O professor José Carlos Sabóia inicia a conversa dizendo: “O povo que não tem história está fadado a perecer”. Foi isso que eu lembrei na primeira vez que eu assisti ao filme “Gonzaga – de pai pra filho”. O filme é uma viagem do Gonzaguinha à Exu, não para re-encontrar com o pai, mas para encontrar-se consigo mesmo, recuperando uma história que todos falavam, que os jornais noticiavam, mas que os contratempos da vida subtraíra de si. A história que lhe pertencia, entretanto ele, Gonzaguinha, não a tinha vivido. Isto para ele era inconcebível, inadmissível e causa de um inconformismo que até o encontro entre os dois só fora externado na sua música.

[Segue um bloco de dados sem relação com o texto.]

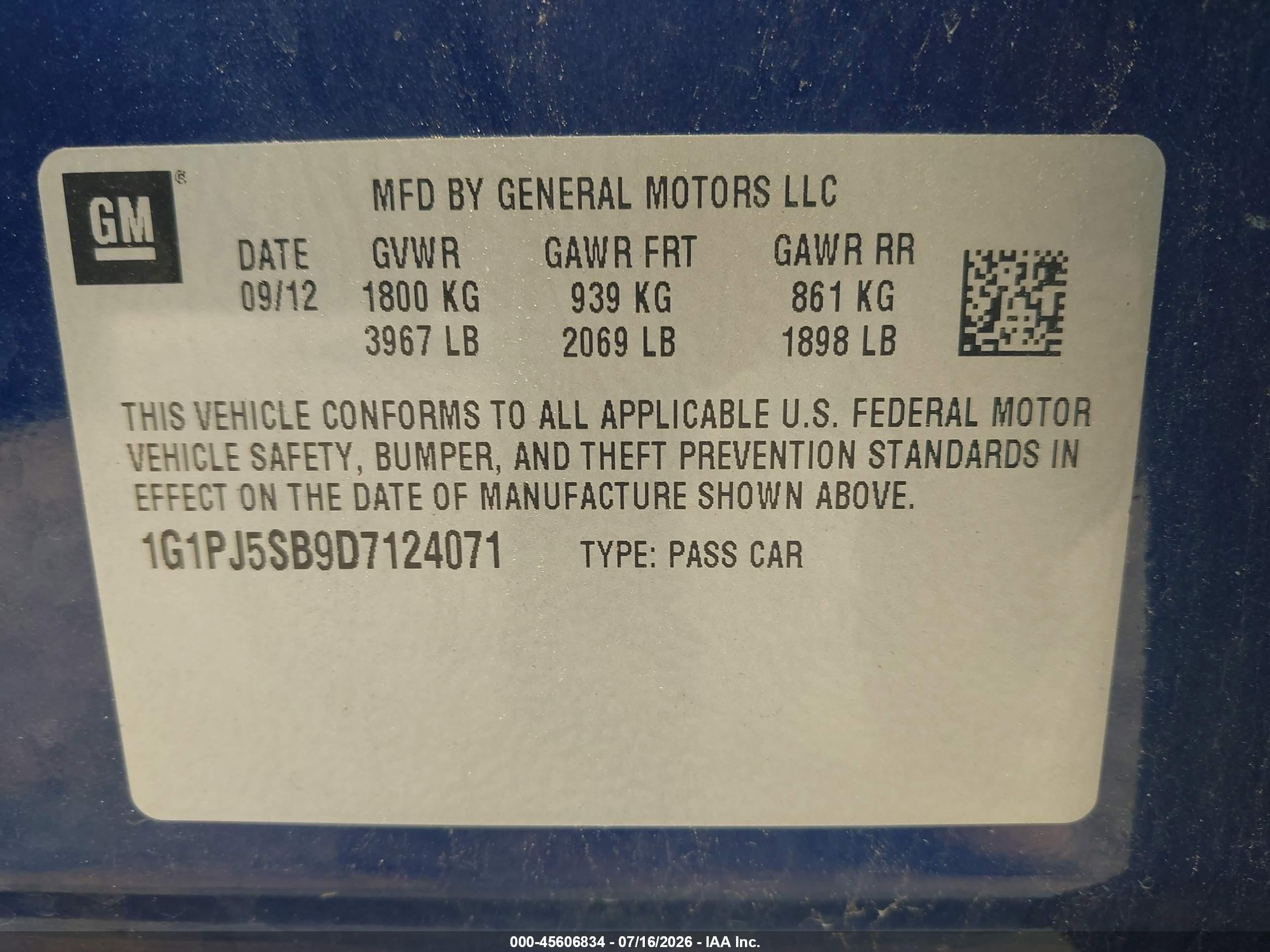 2013 Chevrolet Cruze Eco Manual Dark Blue vin: 1G1PJ5SB9D7124071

Mas, é no encontro de pai e filho, que este, entre a revolta e o regozijo contido, vai se encontrando, recuperando o seu ser, a sua história feminina e masculina, ao saber quem é o pai e quem foi a sua mãe – ao tomar posse da sua grande família: avô, avó, pai, mãe. Não se pode perder de vista a vaidade humana, sobretudo, quando cintilam frente a frente duas estrelas, ainda que estas se amem. Gonzagão, a seu modo, se bastava na recuperação de uma história que nem mesmo ele teve tempo de contar para alguém, as estradas da vida e, consequentemente, da música eram muitas e ele via-se na obrigação de percorrer todas, porque para ele a matemática era simples – se aumentam as despesas com a família, o trabalho teria que aumentar na mesma proporção. Todos entendem a simplicidade aritmética do Gonzagão, porém, enquanto ele canta Brasil a dentro, deixa o vazio da sua presença na vida do filho e é esse vazio que a certo momento o crime ocupa e obriga a intervenção do pai. É para preencher esse vazio que Gonzaguinha vai à Exu, embora o motivo pareça outro – ajudar o pai.
Gonzaguinha tem um bom motivo para recuperar a sua história, para se estabelecer como um ser pertencente a uma família, a um coletivo de entes queridos, para dar materialidade ao seu sentimento de pertença até então não verbalizado, contido em seu peito, entretanto revestido por uma inquietude imensa, uma ânsia pulsante de responder a pergunta – “quem de fato sou eu?”. Sobre o pai a pergunta era outra: “Será que ele é mesmo o que dizem que ele é?”. Mas isso, só o encontro entre os dois vai responder e só quem dispuser a assistir a esse maravilhoso filme vai poder extrair dele as suas próprias conclusões.